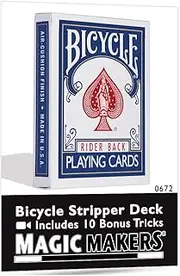 Magic Makers Bicycle Stripper Deck with 10 Bonus Tricks (Blue) - Tapered Magic Trick Deck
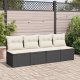 vidaXL vidaXL 4-cz. sofa ogrodowa z poduszkami, czarny rattan PE i akacja 2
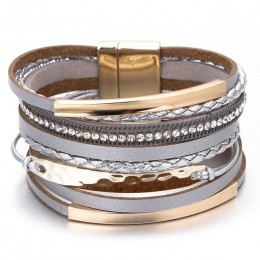 Amorcome metalowy pasek Charm skórzane bransoletki dla kobiet modny Boho pleciona lina szeroki wielowarstwowy Wrap bransoletka d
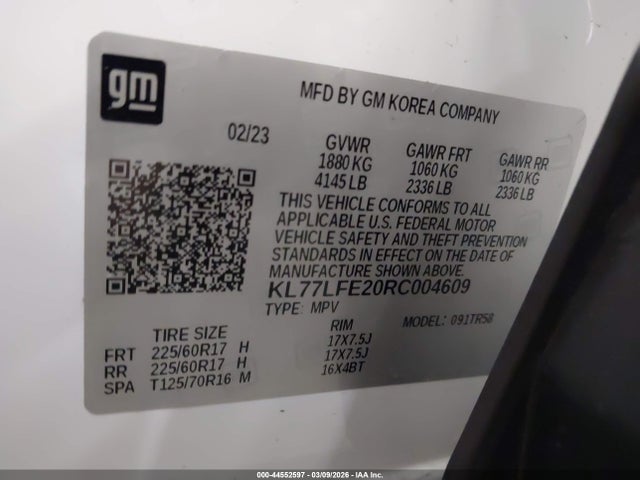 Aukcja sprzedaży 2024 Chevrolet Trax Fwd Sp, vin: KL77LFE20RC004609, numer aukcji: 44552597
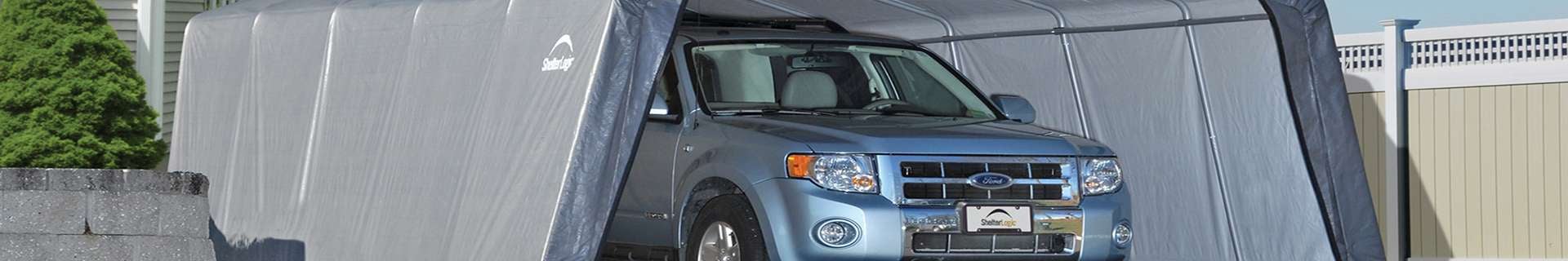 Background banner image displaying Shelter Logic product.
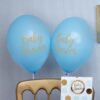 8 ballons baby shower bleu et doré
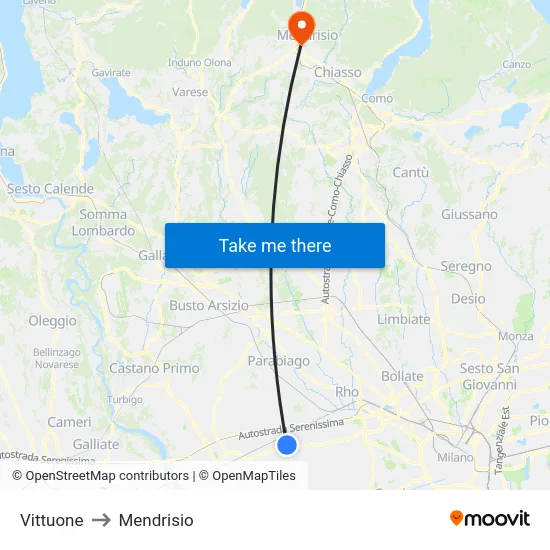 Vittuone to Mendrisio map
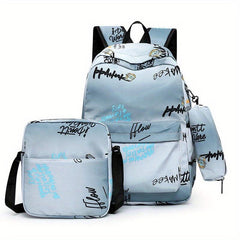 3 Pcs Graffiti Pattern Bag Set Backpack, Shoulder Bag & Long Purse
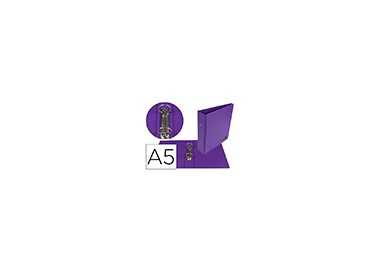 Carpeta de 2 anillas 40 mm redondas liderpapel a5 carton forrado pvc violeta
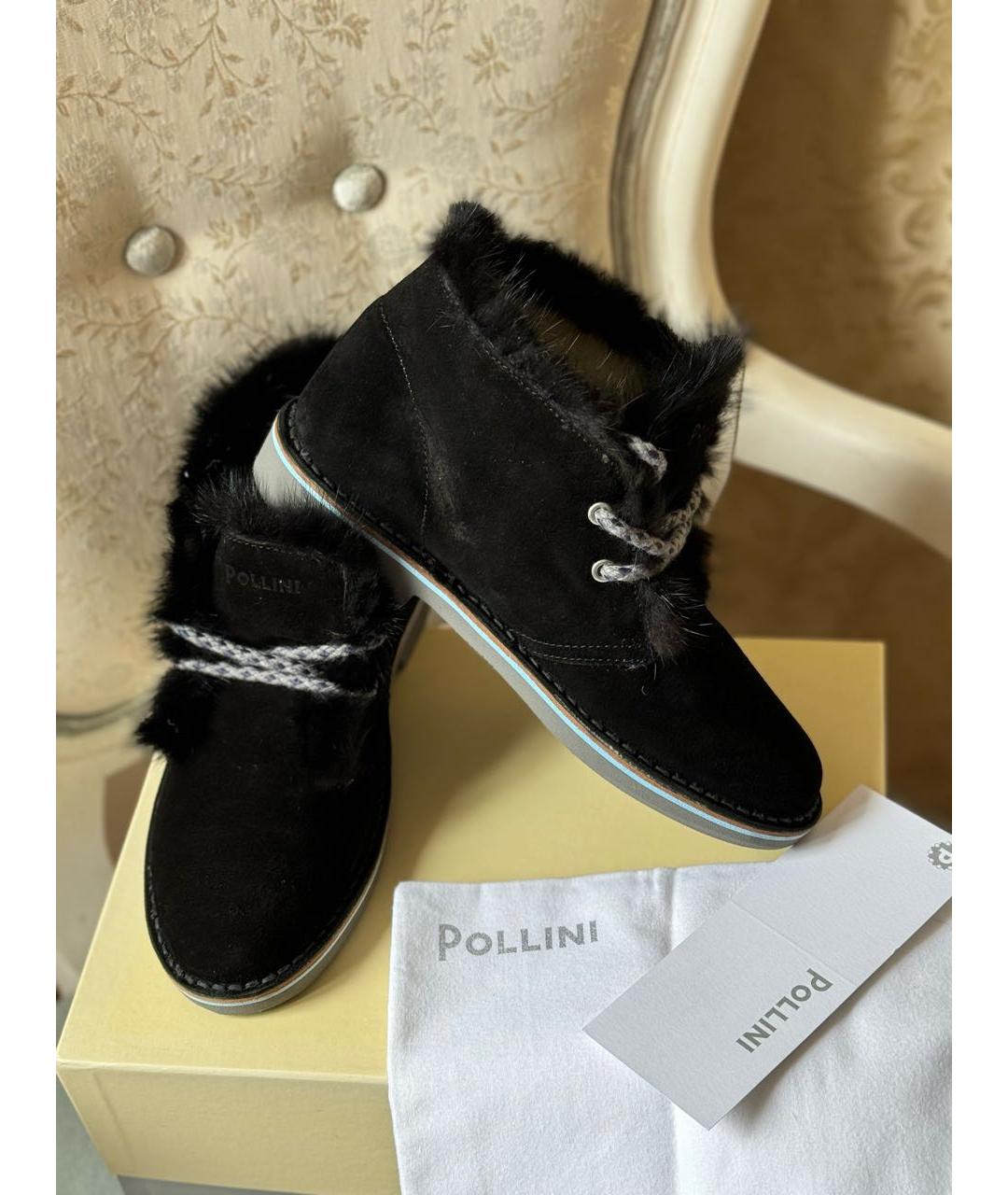 POLLINI Черные замшевые ботинки, фото 7
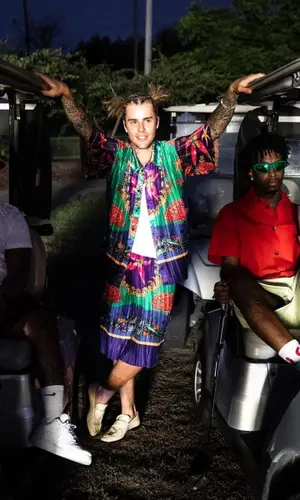 Justin Bieber wearing Versace shirt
=-=-=-=-=
YOUR TASK: Above are the records; transcribe them exactly without the pictures.

THE ANSWER:
 Magic Makers Bicycle Stripper Deck with 10 Bonus Tricks (Blue) - Tapered Magic Trick Deck
 vidaXL vidaXL 4-cz. sofa ogrodowa z poduszkami, czarny rattan PE i akacja 2
 Amorcome metalowy pasek Charm skórzane bransoletki dla kobiet modny Boho pleciona lina szeroki wielowarstwowy Wrap bransoletka d
 Aukcja sprzedaży 2024 Chevrolet Trax Fwd Sp, vin: KL77LFE20RC004609, numer aukcji: 44552597
 Background banner image displaying Shelter Logic product.
 8 ballons baby shower bleu et doré
 Vittuone to Mendrisio map
 3 Pcs Graffiti Pattern Bag Set Backpack, Shoulder Bag & Long Purse
 Carpeta de 2 anillas 40 mm redondas liderpapel a5 carton forrado pvc violeta
 POLLINI Черные замшевые ботинки, фото 7
 Justin Bieber wearing Versace shirt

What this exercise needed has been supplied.